I met a man. He was very composed, very peaceful in disposition. He told a tragedy about one April in which he lost many of his countrymen to a sunder opened by simple racial hatred. He was then and still is one of the most accomplished gorrilla trackers in Northern Rwanda.

Francois, then a Hutu and now a Rwandese, was on the agressor's side without ever wanting to be. When he heard of the ensuing violence, he fled with his wife and son to the mountains that were his second home. He hid his family there and went back for his brother and Father which were also 'sympathetic' Hutus with no intentions of partaking in the inexcusable mindless violence against the Tutsis. Upon his return to the city, he was sought out by the genocide soldiers and expected to act with them. Again, he fled to his mountains, this time without a brother and Father he would never see again.
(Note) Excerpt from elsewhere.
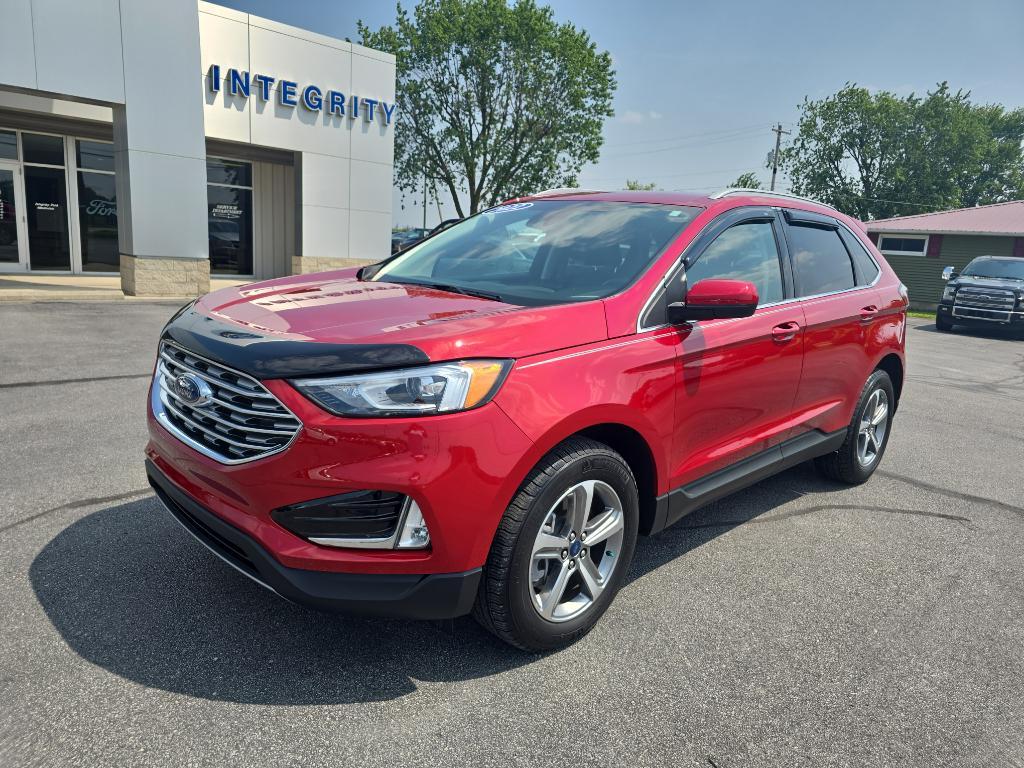 used 2022 Ford Edge car, priced at $26,995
I traveled through Kenya and Uganda on bus, as you all know and I very much enjoyed the scenery, the bizarre assortment of people that I encountered and the education that I received regarding Africa; what poverty actually is. I saw filth, I saw desperation. I saw miles and miles of endless need. I saw babies carrying babies covered in only rags and dust. I saw immense masses of human flesh packed together in markets yelling and bartering, trading and begging, hot outside and empty in. I smelled the stench of onions sitting in the sun for days mixed with sweat, sewage, rotting meat and garbage. I redefined words like need, hunger, desperate and poor for myself; words that I can no longer claim to personally know. All that time, alone and relatively vulnerable in a hot and bumpy bus, I never felt in danger, maybe due to ignorance more than anything else but as soon as I crossed the border into Rwanda, an entirely different sense came over me.
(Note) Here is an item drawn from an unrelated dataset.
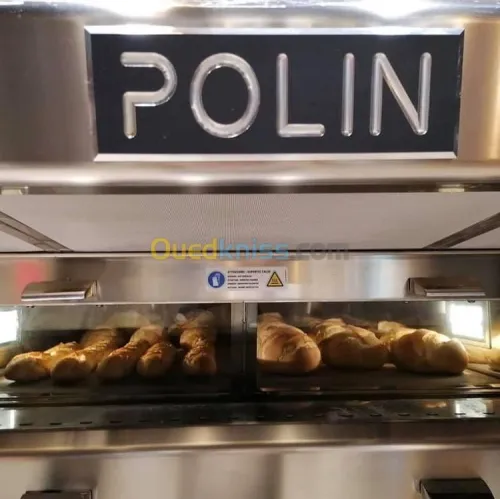Four de Boulangerie et Pâtisserie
I saw huts of mud and straw with happy and healthy looking denizens, children playing outside with their fathers (or older brothers), mothers that had food to nourish their families even if it was cooked over a fire outside the humble hut. Rolling green hills, farms and people cultivating lush looking crops. People were on bicycles everywhere and there was a generally better looking infrastructure all over, including the roads. Of course there were places like this scattered across Kenya and Uganda as there were packed markets and desperation in parts of Rwanda. It was just the overall look of Rwanda that was "better" in my eyes. The oddest thing was that I felt much more uneasy in Rwanda.
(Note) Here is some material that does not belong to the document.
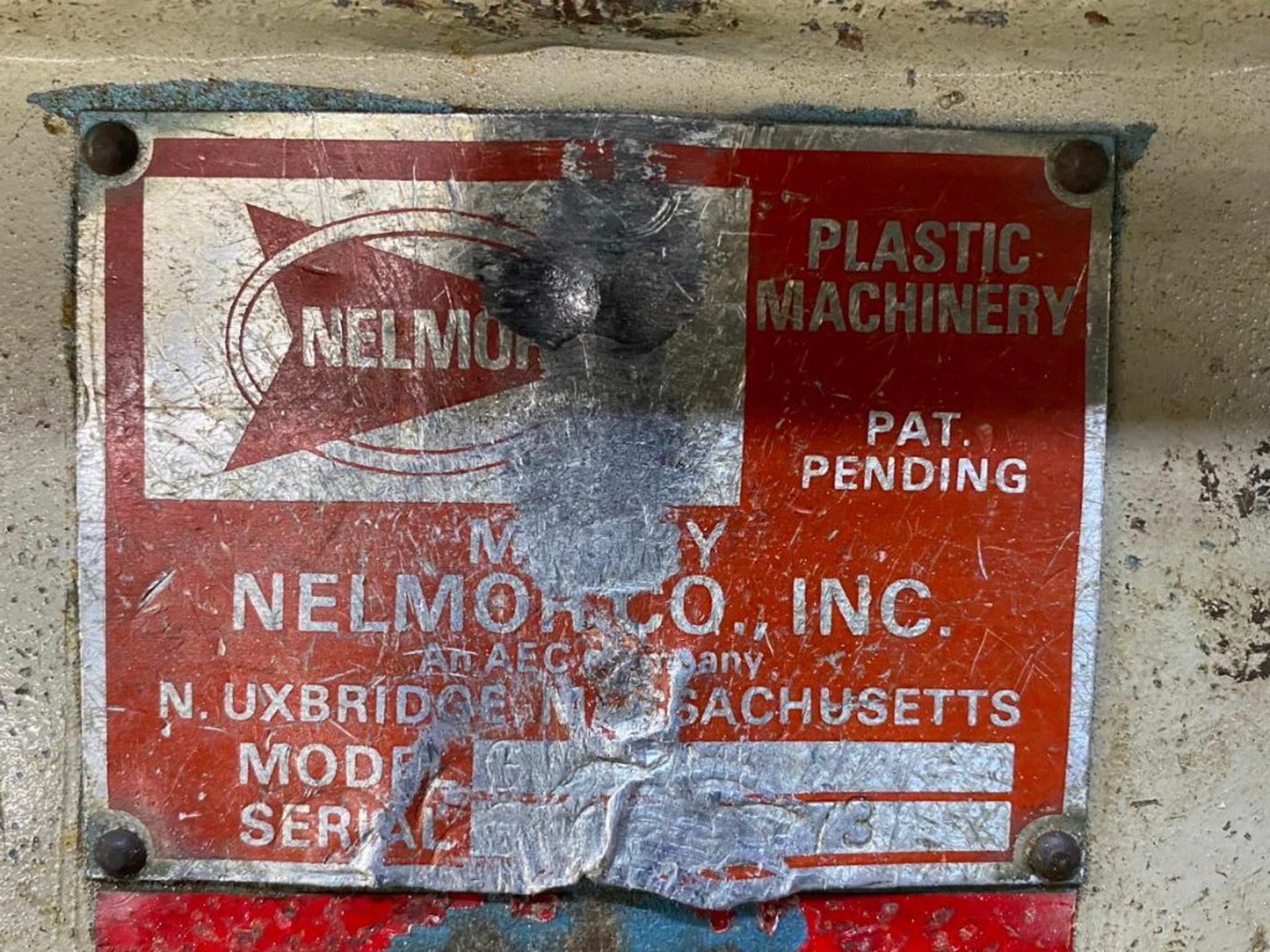 Nelmor 12'' x 15'' Grinder/ Granulator - Image 5 of 5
Have you ever gone into someone's house and 'had a bad feeling'? Thats what I got when I crossed into Rwanda, especially as I entered Kigali. Maybe it was because I knew the history but I tend to think that humans have a bit of a collective energy. You can paint that statement as something that its not but there is plenty of evidence that we are affected by one another on levels like hormones, facial expressions and even group mentality (like that illustrated by mobs). I felt the massive trauma here like it still stained everyone and hung thickly in the air. You can see the genocidaires dressed in pink jumpsuits working in chain gangs on the side of the road. You can see more severity in peoples faces. Again, I am the first to admit that I may have had an unconscious prejudice from knowing the history but there were many instances that I saw and felt the strange, unsure and untrusting interactions between a people betrayed. I will illustrate this with stories later but I think I have posted enough to keep you all busy pondering for at least a few days. Think about the repercussions of colonialism and then contrast that with the fallout of humanitarian aid projects. How are the two similar and different? I encourage your comments on that especially and I will respond to them in a couple of days.